- Task brief: Keep the pictures out, and restate the listing that follows exactly as written.

Material shown Start Marker

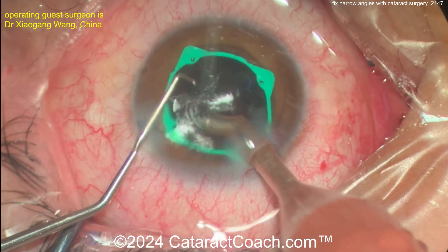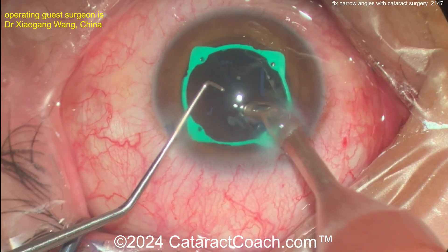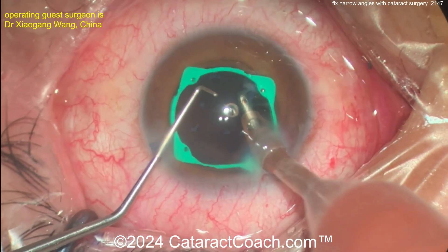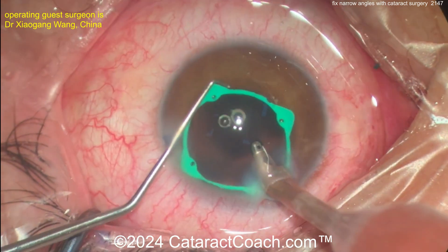Putting that thin IOL in is really just a magical treatment. You can see the comparison of before and after — I'll show you the post-op OCT of the anterior segment, and you'll see it's a wide-open angle.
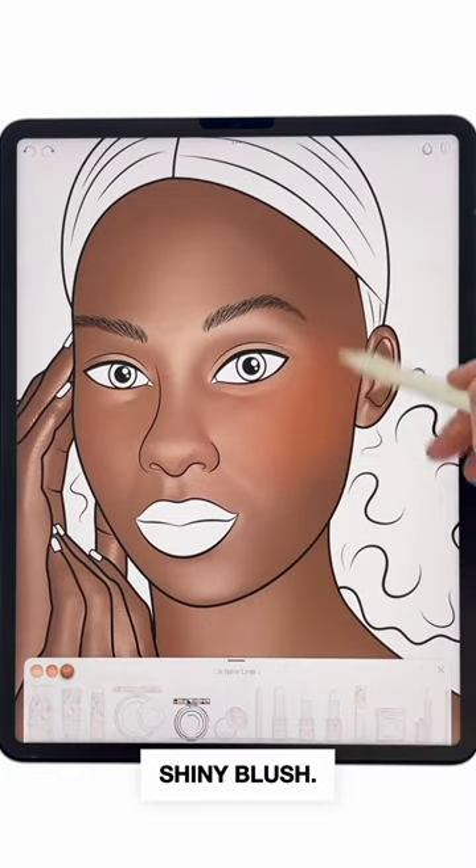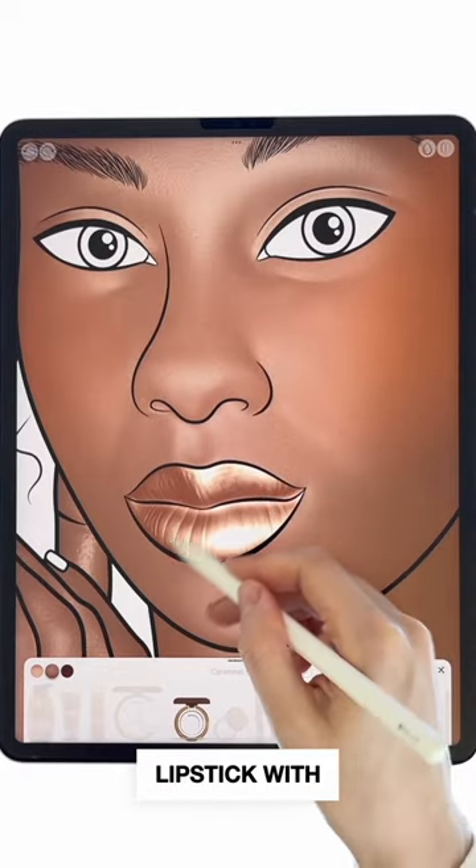Then apply a deep orange shiny blush. Use nude creamy lipstick with a bit of powder on top.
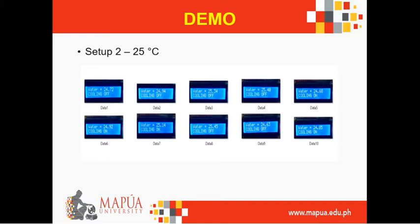This is a screenshot of the water temperature values obtained for 10 trials — data 1 through data 10. The first value is 24.75 and the last one is 24.85 degrees Celsius. These are under setup 2, controlled at 25 degrees Celsius. As you can see, the system cools off if the temperature goes beyond 24.5 degrees Celsius, and it cools on if it goes beyond a specific temperature range.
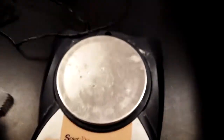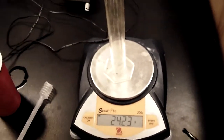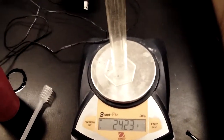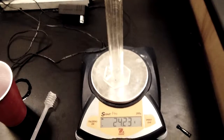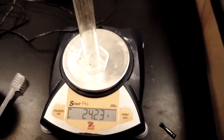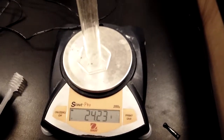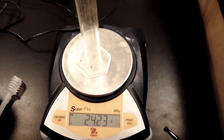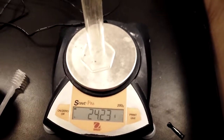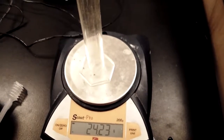Here's our graduated cylinder — 24.23 grams. That's how much it weighs. Now we're going to switch over because I have another video on how to read a meniscus. Catch you on the flip side.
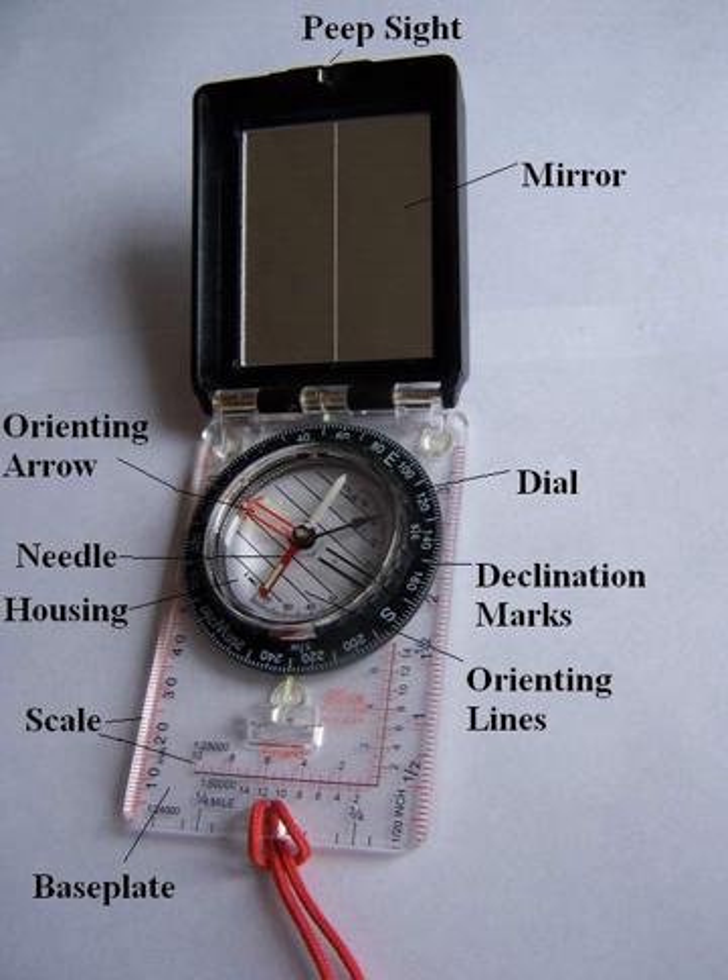By the late 1960s, many foresters had begun using more modern liquid-damped compass designs, including mirror-sight protractor models such as the Silva Type 15 Ranger or the Suunto MC1. These compasses were fast to use, particularly along straight cruise lines, and were sufficiently accurate for most forestry applications. On the other hand, geologists, speleologists, archaeologists, ornithologists, and foresters engaged in precision survey work often used direct-reading models such as the Suunto KB-14, prismatic compasses such as the Suunto KB-77, or the traditional Brunton pocket transit.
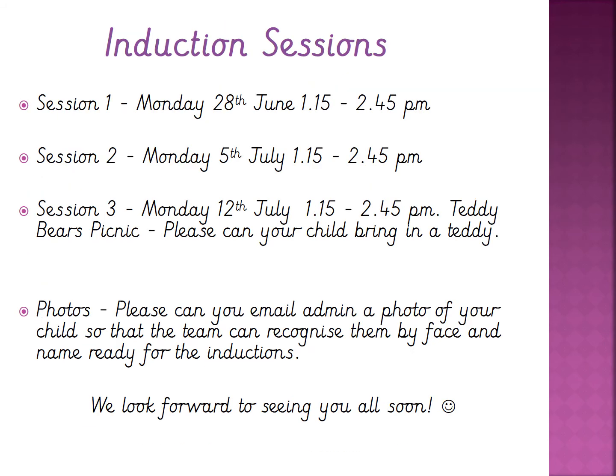The first induction session for the children is on Monday the 28th of June and will run from 1.15 to 2.45. The next one is the following week, and then the third session is where we'd like your child to bring in their favourite teddy ready for our teddy bears picnic. We'd also like you to email a photo of your child to the school admin account so that helps us to recognise your child when they come in.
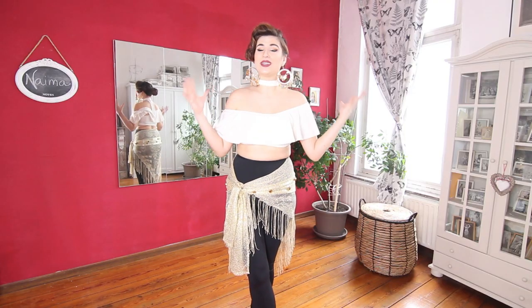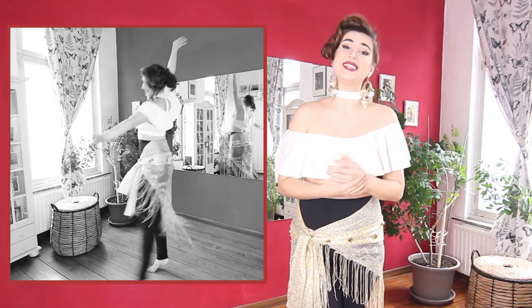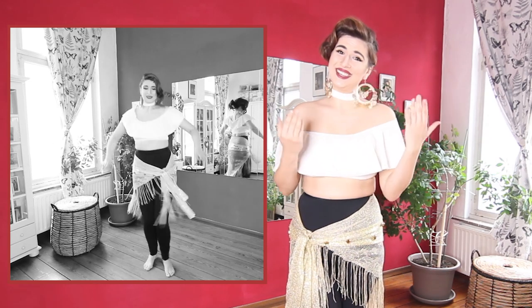Most of the movements we are going to connect in a beautiful choreography that is inspired by the fabulous Naima Akev.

Material shown End Marker

- Response:
Putting that thin IOL in is really just a magical treatment. You can see the comparison of before and after — I'll show you the post-op OCT of the anterior segment, and you'll see it's a wide-open angle.
Then apply a deep orange shiny blush. Use nude creamy lipstick with a bit of powder on top.
This is a screenshot of the water temperature values obtained for 10 trials — data 1 through data 10. The first value is 24.75 and the last one is 24.85 degrees Celsius. These are under setup 2, controlled at 25 degrees Celsius. As you can see, the system cools off if the temperature goes beyond 24.5 degrees Celsius, and it cools on if it goes beyond a specific temperature range.
Here's our graduated cylinder — 24.23 grams. That's how much it weighs. Now we're going to switch over because I have another video on how to read a meniscus. Catch you on the flip side.
By the late 1960s, many foresters had begun using more modern liquid-damped compass designs, including mirror-sight protractor models such as the Silva Type 15 Ranger or the Suunto MC1. These compasses were fast to use, particularly along straight cruise lines, and were sufficiently accurate for most forestry applications. On the other hand, geologists, speleologists, archaeologists, ornithologists, and foresters engaged in precision survey work often used direct-reading models such as the Suunto KB-14, prismatic compasses such as the Suunto KB-77, or the traditional Brunton pocket transit.
The first induction session for the children is on Monday the 28th of June and will run from 1.15 to 2.45. The next one is the following week, and then the third session is where we'd like your child to bring in their favourite teddy ready for our teddy bears picnic. We'd also like you to email a photo of your child to the school admin account so that helps us to recognise your child when they come in.
Most of the movements we are going to connect in a beautiful choreography that is inspired by the fabulous Naima Akev.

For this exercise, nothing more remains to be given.